I slipped on a dog bone. One foot flew out in front of me, and the other bent under me. The fall looked a little like this, only with less guitar and more angst. I can’t say for sure how the swearing measured up.
The entire one hundred and *cough* pounds of my body weight landed on my left knee and ankle. Now, some might think one would lie there on the floor for a period of recovery – whether it be of body or ego. But no. I instantly flew through the air several times like this, still with less guitar but for certain with more swearing.
In that moment I created more derivatives of the word “fuck” than ever existed before.
After floundering like this for a few moments, I finally collapsed on the floor again and cried. Not only was I in pain, but because of the history of my back and neck problems, I knew I was in for a long, full-body recovery and several visits to the chiropractor I didn’t have time for.
This is how I deal with conflict.
I get Uma Thurman mad, swear a lot, and kick a few things. There is much rending of garments and gnashing of teeth.
Sometimes this happens outwardly, and I flail about or throw something; sometimes when faced with conflict this happens inwardly, and I seethe in my own bitterness.

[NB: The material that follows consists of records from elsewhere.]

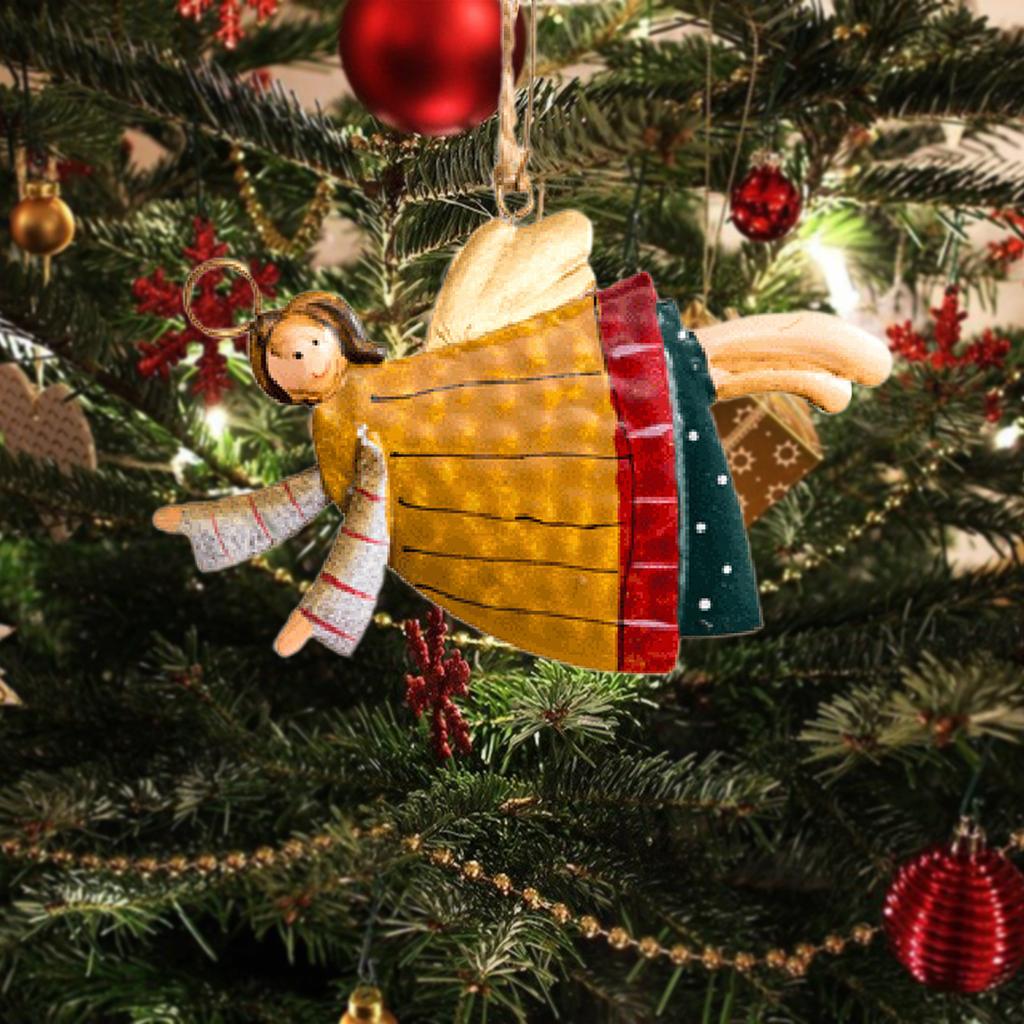 Рождественский маленький кулон из смолы, украшение для рождественской елки, аксессуары для подвесок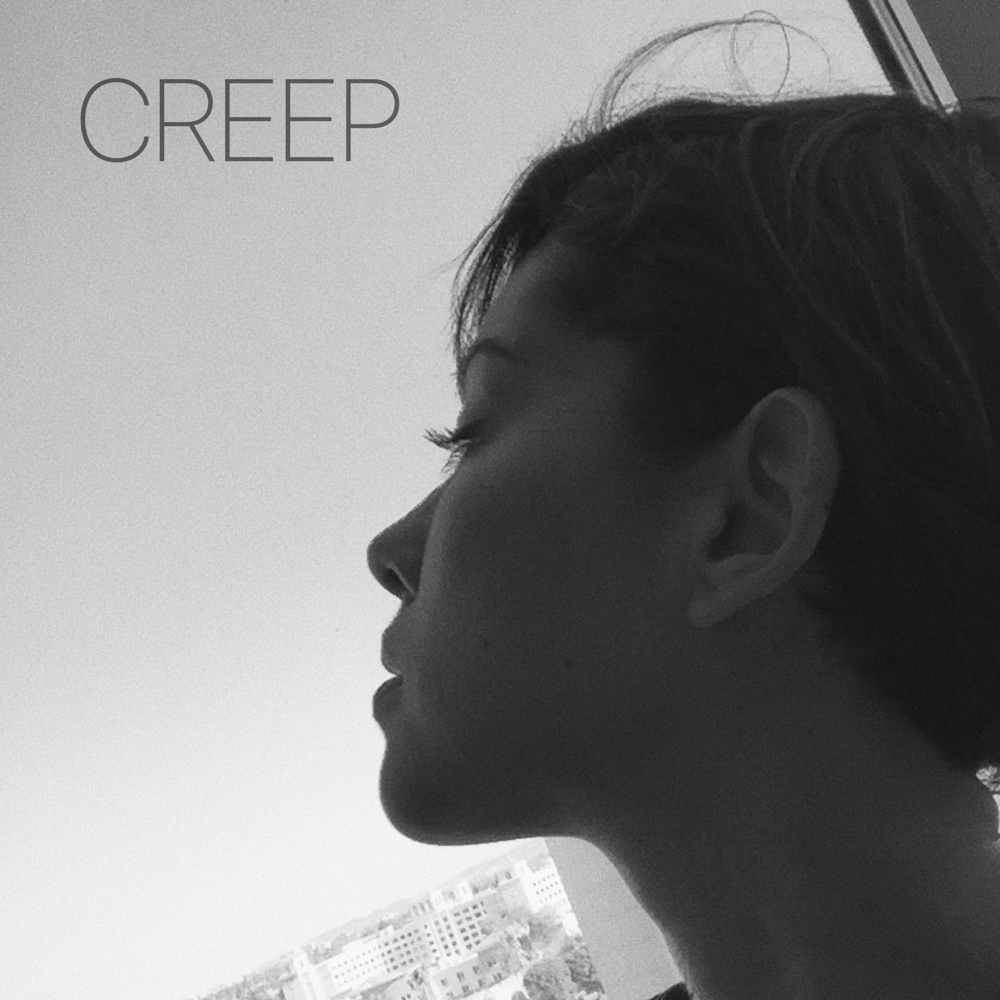 Album cover art for "Creep" by Kina Grannis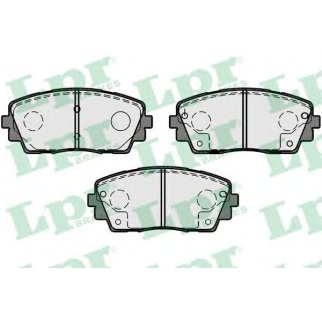 Колодки тормозные LPR _05P1726 фото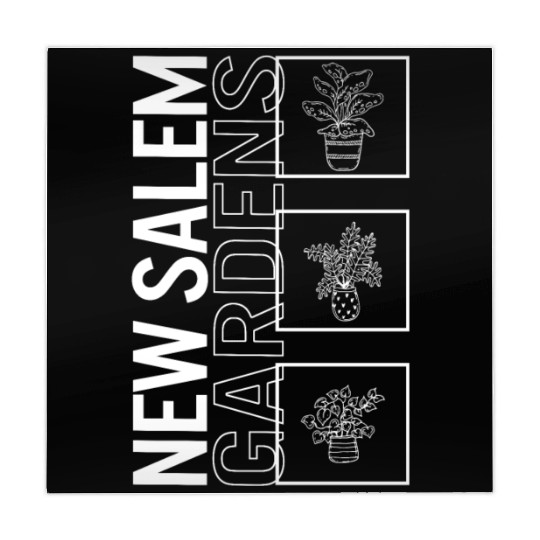 New Salem Gardens, Garden Plant Gardening Lover Mahjong Mats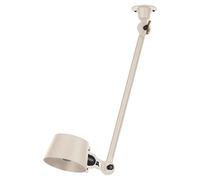 Plafoniera Bolt con Un Braccio Laterale, Colore Bianco Fulmine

Either way, something’s not going the way I want it to, and woe to the obstacle blocking my path.
Telling a different story.
I’ve struggled with anger for as long as I can remember, and there’s not much you can tell me about how I’m supposed to act when facing conflict that I don’t already know. It’s not for lack of information that I lash out in rage, but for lack of character.
And this is what finally clicked for me while attending Don Miller’s Storyline Conference last weekend – in many ways, I tell a really shitty story with my life.
In the way I respond to conflict – or anything that doesn’t happen the way I expect it to – I tell the story of a God who criticizes, who is inflexible, withholding, and loves only when his expectations are met. I tell the story of a God who isn’t very much fun.
You may not see it this way from where you stand, but this is primarily the story I tell my kids. And when it comes to stories my kids will remember after I’m gone, I know I can tell better ones.
So going forward, when faced with conflict I will attempt to do less floundering and more reflecting; less swearing and more praying; less Eeyore-ing and more praising.
I want my kids to know the story of a God who loves unconditionally and walks us through our darkest moments with compassion.